Armchair travelers will have a field day with a new photography exhibit on display at Del Mar’s Herbert B. Turner Gallery at Southfair.
The exhibit features 64 photographs by San Diego photographer Michael Orenich, focusing on images from Mongolia, Cuba and Morocco. Also included are shots from Greece, Italy, Spain and France.
The photos went on display this month, and the exhibit will continue through March 4. A “grand reception,” open to the public and billed as black-tie optional, will be held from 4 to 8 p.m. on Saturday, Jan. 28. The gallery is located at 2010 Jimmy Durante Blvd.
One unique aspect of the gallery is that the artworks, in this case Orenich’s photos, are housed in glass-fronted display cases in the complex’s inner courtyard. That means the gallery is essentially open at all hours of the day and night, as the viewing area is outdoors and not enclosed in the building.
The complex, which houses a number of businesses, including a fitness center, was designed by the gallery’s namesake, architect Herbert B. Turner, who during his career designed some 50 homes and commercial buildings in Del Mar. The complex and gallery are now owned by Rachel Turner Thomas, the architect’s daughter.
“Herb’s wishes were to always use this space for local artists to display their work,” said Bob Coletti, who, along with Orenich, has been coordinating exhibits at the gallery for the past year.
In 2016, the gallery hosted a series of themed exhibits, on such topics as equine and surf art, with each show featuring the works of multiple artists. This year, the gallery will host solo shows, the first of which features Orenich’s photography.
“It requires a large body of work,” said Orenich of the solo exhibit.
For this exhibit, Orenich chose works primarily from the countries of Mongolia, Cuba and Morocco.
He considers himself to be a “narrative photographer,” meaning, “I’m trying to communicate elements of the culture.”
Orenich traveled to remote areas of Mongolia in 2013, getting around by jeep with a driver, translator and a British photojournalist.
The group flew into the Mongolian capital, Ulaanbaatar, then embarked on a 300-mile journey, partly over roads and partly across country, Orenich said. Their destination was an Eagle Festival, where participants showed off their skills working with trained eagles in hunting and horsemanship. The festival also included such competitions as archery, camel racing and flogging, in which female riders whip their male counterparts, while both partners are on horseback, Orenich said.

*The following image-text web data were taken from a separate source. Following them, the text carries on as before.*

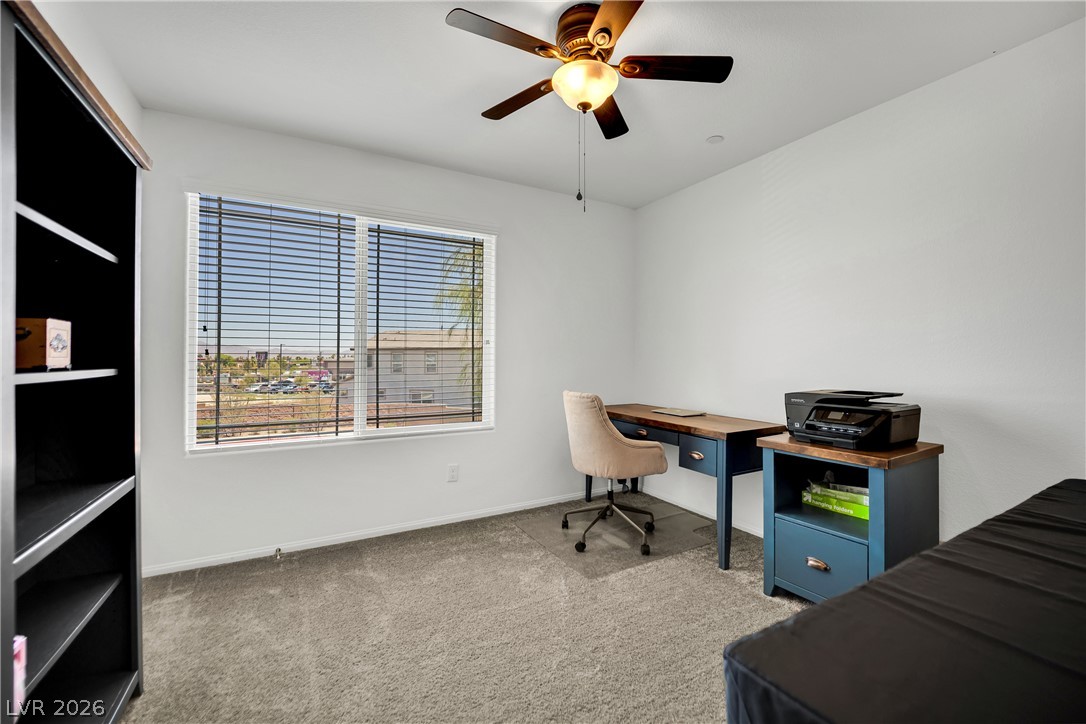 6123 Rose Springs Avenue Las Vegas NV 89130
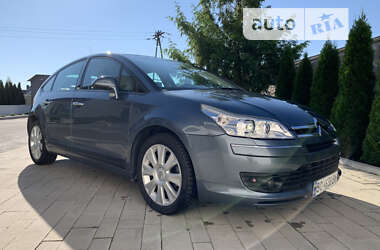 Хетчбек Citroen C4 2007 в Тернополі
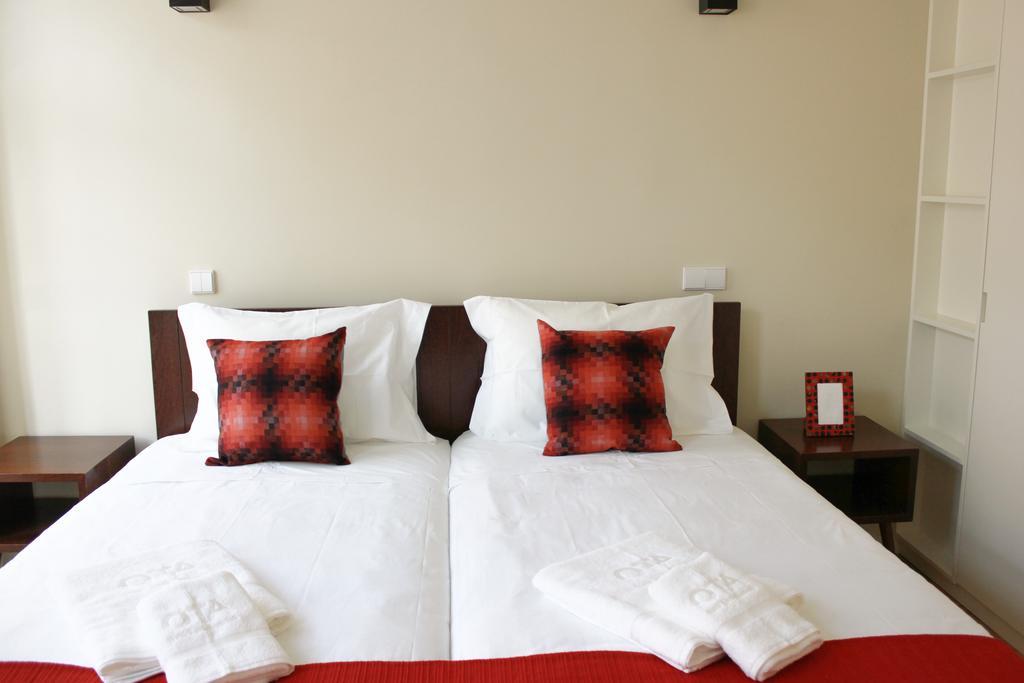 Oporto Trendy Apartments Экстерьер фото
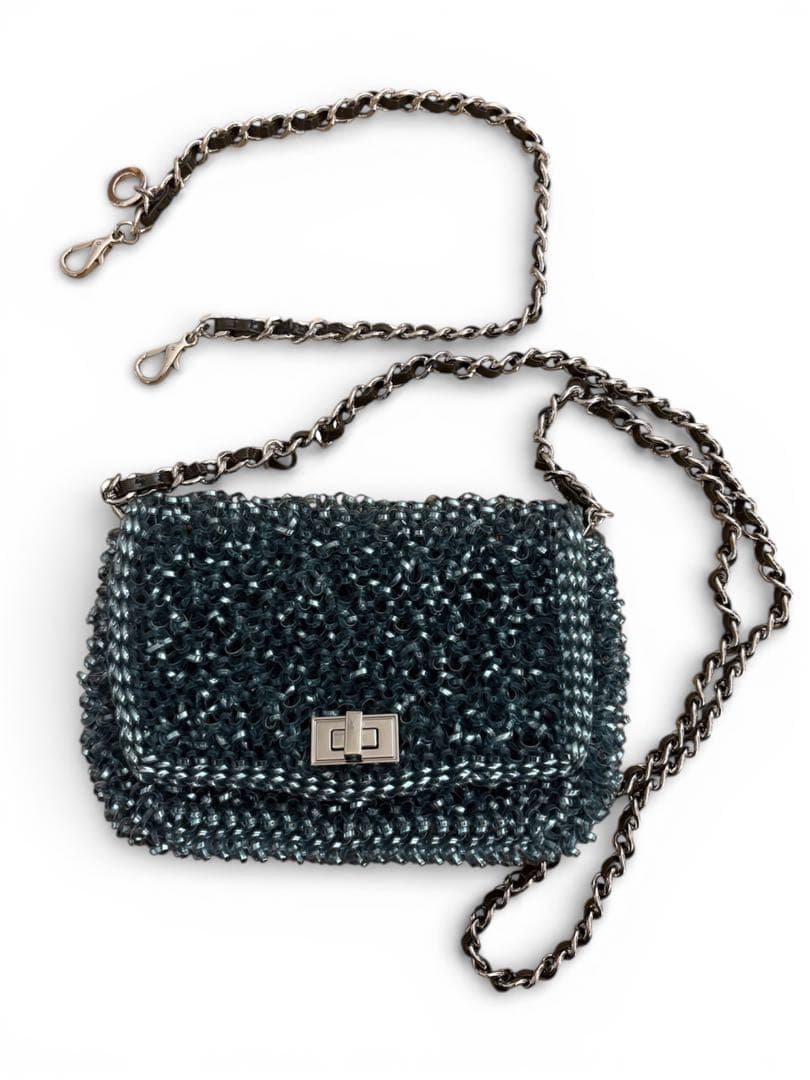 アンテプリマワイヤーバッグ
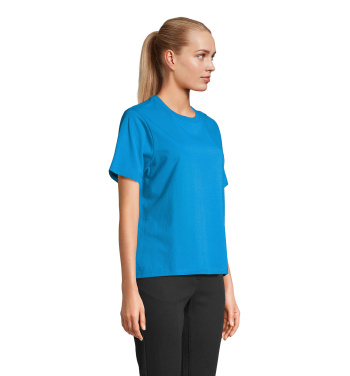 Logo trade liikelahja kuva: LEGEND WOMEN  T-SHIRT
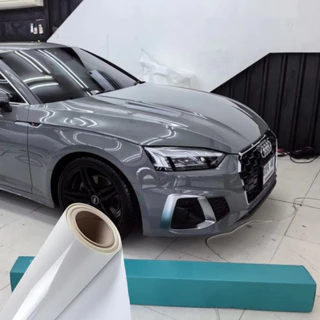 Película de Proteção Transparente Automotiva Carros e Motos Contra Riscos Impermeável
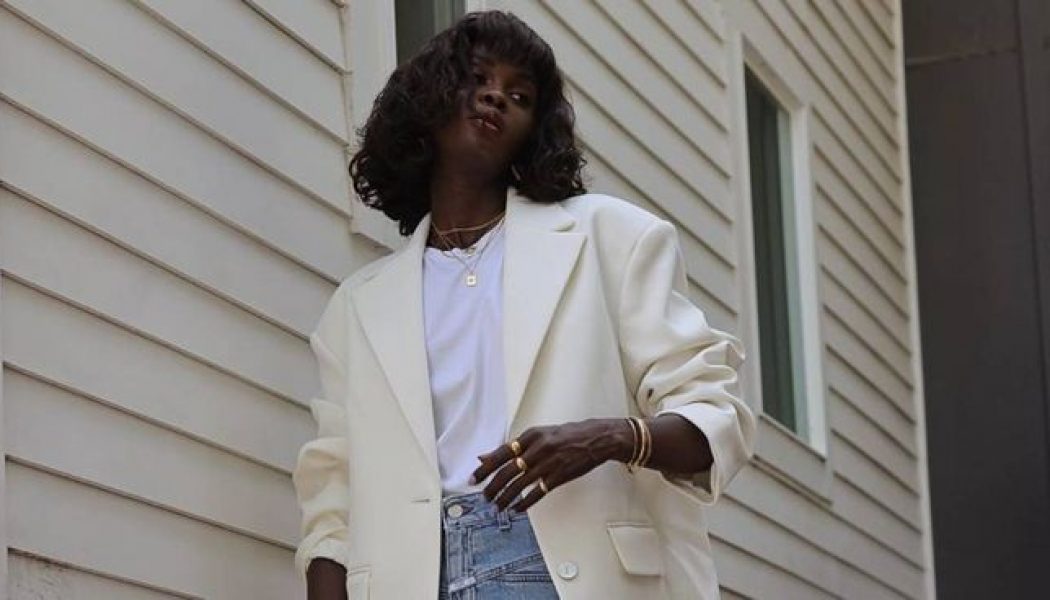 My Saved Tab on Instagram Is Full of Perfect September Outfits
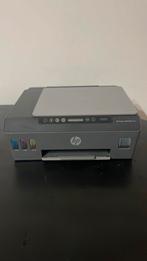 Hp smart tank plus 555 printer, Computers en Software, Printers, Ophalen, Gebruikt, Printer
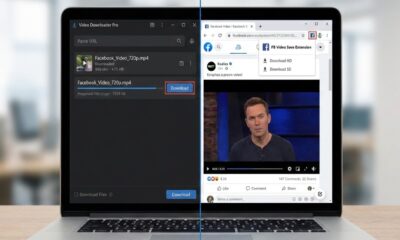 Facebook Link Download Guide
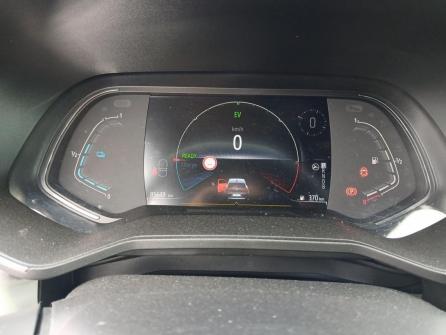 RENAULT Clio Clio E-Tech 140 Limited à vendre à Chalon-sur-Saône - Image n°14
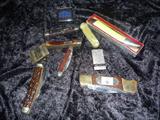 Pocket Knives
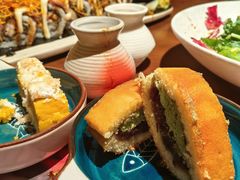 -弓二·烧鸟居酒屋(财富购物中心店)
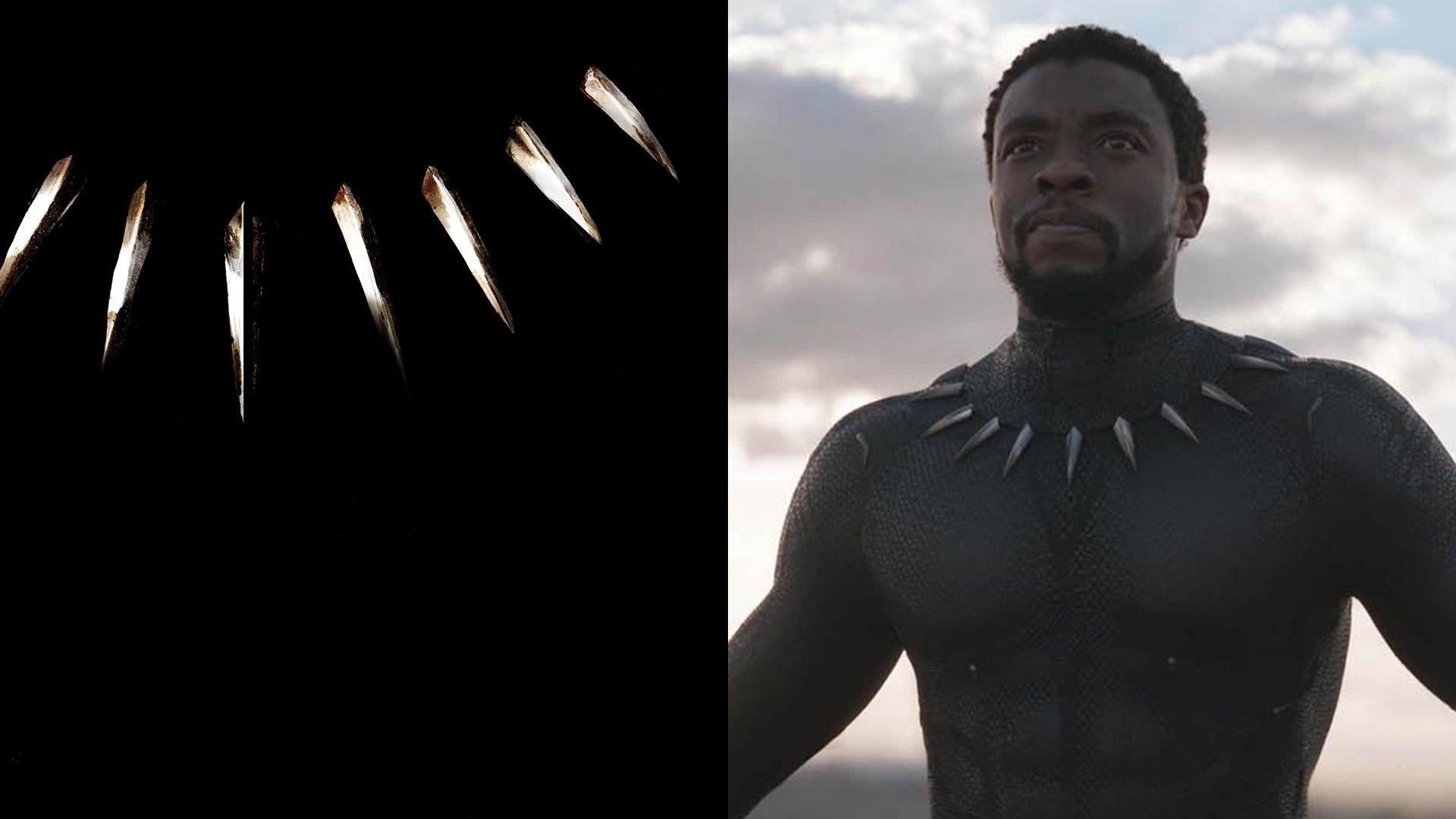 1920x1080 Black Panther soundtrack Panther: The Album review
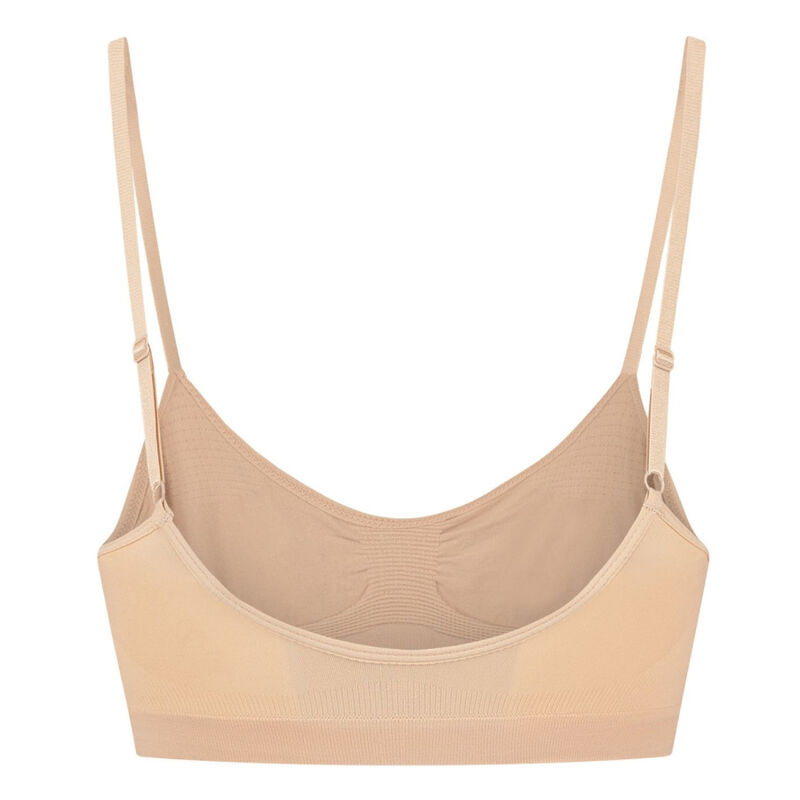 BYE BRA SEAMLESS BRA MEDIUM CONTROL XL 3 Bye bra seamless bra medium control xl - image 3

The striking scenes show the hunters with their raptors, and also the gorgeous backdrop of snow-streaked mountains, as well as the round tents, called gers or yurts, where the nomadic herders of Mongolia reside.
Orenich’s Morocco scenes show village life, as well as classic desert scenes of rolling sand dunes. In order to find pristine landscape unmarked by footprints or jeep tracks, he engaged a guide to take him into Algeria, in a conflict zone, he said, which required a trip first by Land Rover, then by camel.
He spent two days photographing the dunes, and the results of his labors are hanging in the Turner Gallery’s display cases.
Visitors can arrange to purchase any of the photographs by contacting the artist directly via email which is posted at the gallery.
Orenich said his prints sell for between $350 and $900 apiece, and include custom frames and museum glass.
Orenich first took up photography in the U.S. military in the 1960s, and continued to snap photos as a hobby during his career in the semi-conductor industry. Upon his retirement 13 years ago, he said, he began devoting all of his time to photography.
In addition to his own photo expeditions around the globe, Orenich teaches photography. An upcoming class will be offered at a Michael’s crafts store, he said.